第470話 室矢家の兄妹はいよいよ世界デビュー戦に挑む

 外洋で揺れる、レストランシップ。

 ただの観光クルーザーに過ぎない一隻は、今や日本の将来を左右する場だ。


 1階のダイニングに集まった、主要国の艦隊司令たち。


 彼らは、自分の傍に立っている男子高校生――紫苑しおん学園の制服姿――の宣言を聞いて、呆気に取られる。


 誰かが、吹き出した。

 それを皮切りに、艦隊の司令たちは笑い出す。


 彼らが母国語で口々に独白して、一気にカオスな空間になった。



 外務省の牧尾まきお皓司こうじは、焦る。


 なぜなら、自分が室矢むろや重遠しげとおに水を向けたせいで、艦隊を殲滅する、という発言を招いたから。


「あ、あのですね! これは決して、日本の意思ではなく――」


 急いで言い訳をする皓司だが、どの艦隊司令や参謀も聞いていない。



 ギスギスした、腹の探り合いの中で、いきなりの余興だ。

 よっぽどツボにまったらしく、まだ笑っている人間もいる。


 艦隊司令や首席参謀は、少将からの世界で、全体的に高齢。

 40代でも若手、基本的に50代から……。


 高校生の宣戦布告など、戯言ざれごと

 真面目に受け止めるほうが、どうかしている。


 相手は、自分の子供どころか、孫ぐらいの年齢だ。




 オロオロする牧尾皓司に対して、立ったままの室矢重遠は、後ろを見た。


 アンドレアス・ヴァン・メイヒュードは、無言でうなずく。



 前に向き直った重遠は、一瞬で和装に変わった。

 第二の式神による武装だ。


 余興のつもりでいる艦隊司令たちは、パチパチと拍手をした。


 重遠は、左腰のさやに手をかけ、つかを握った右手でスラッと抜く。


 そして、人がいない方向に、片手で振り抜いた。



 白いクルーザーの内壁が吹き飛び、そのまま海面をV字にえぐる軌道で、衝撃波が遠くへ消えていった。

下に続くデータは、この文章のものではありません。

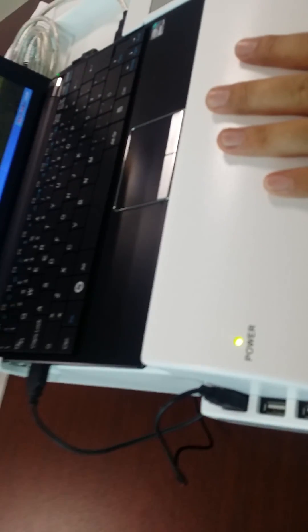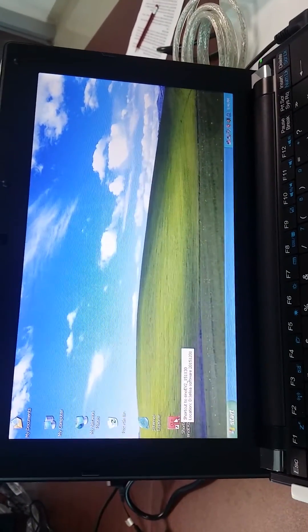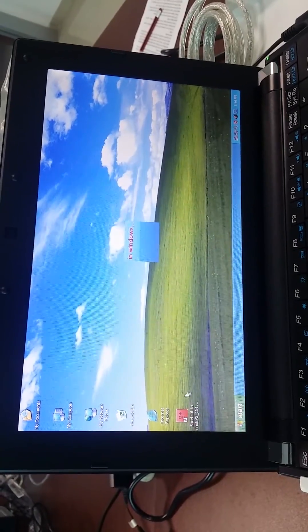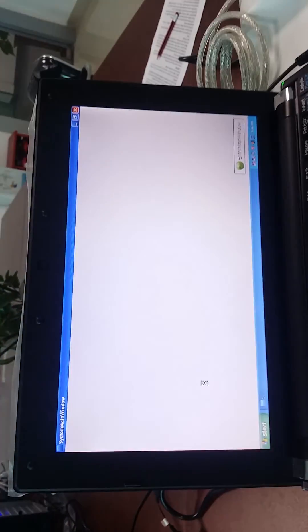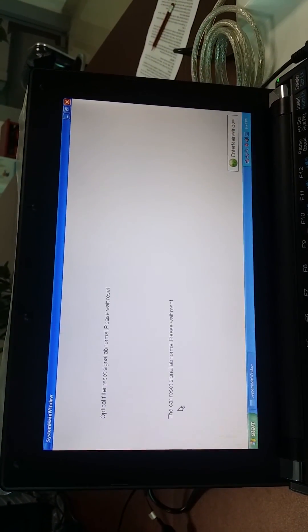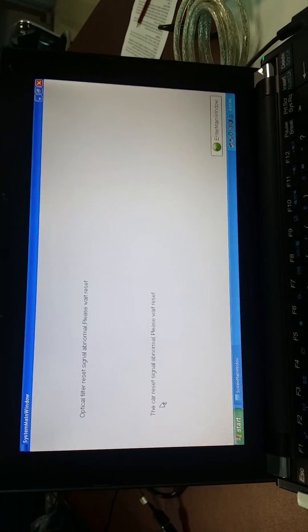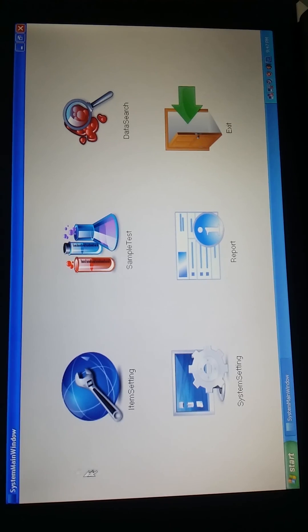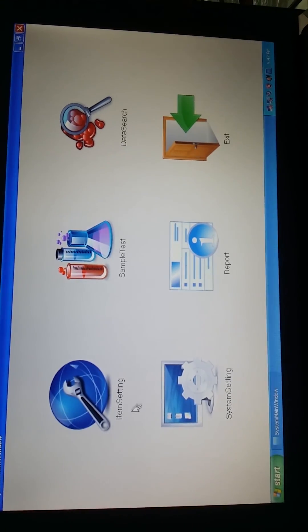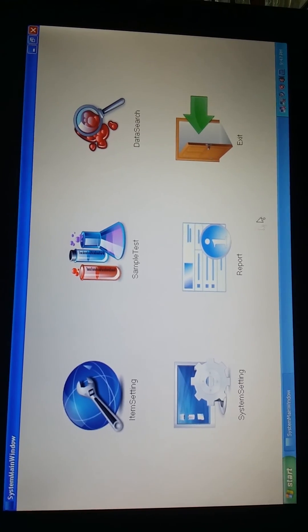The machine will check itself automatically. Now just double-click the software and it will run automatically. Now we get the software interface, and you will find there are several items: item settings, sample testing, data search, system settings, report, and exit.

 いきなりの轟音で、外から入ってくる光と、潮風の香り。


 ソファーに座っていた艦隊司令たちは、パニックに陥った。


 この船が沈む、と判断して、すぐに救命用具――特にライフジャケット――を探しつつ、無線で自軍に救助を頼んだ人間もいる。


 室矢重遠が行ったと理解した護衛は、反射的に拳銃を向け、数発を撃ち込む。

 だが、その銃弾の群れは、いきなり推進力を失い、敷かれたカーペットの上にゴトリと落ちていく。


 このクルーザーを手配した深堀ふかほりアイは、空気中に水の壁を作ることで銃弾を無力化しつつも、大声で叫ぶ。


「This is my ship! Stop shooting!(これは、私の船よ! 銃撃を止めなさい!)」


 

 我に返った艦隊司令たちが、護衛に銃を下げるように命令。

 これにより、かろうじて均衡きんこう状態だ。


 しかし、側面に大穴が開いたクルーザーだけに、誰もが立ち上がり、避難経路を意識している。



 その時、いきなり大穴が消えた。


 差し込んでいた日光と潮風、飛び込んでくる飛沫しぶきは、突如として内壁に阻まれたのだ。

 まるで、先ほどの事態が夢だったように、元通り。


 状況を理解できず、ただ狼狽うろたえる男たちの耳に、女子中学生の声が飛び込んでくる。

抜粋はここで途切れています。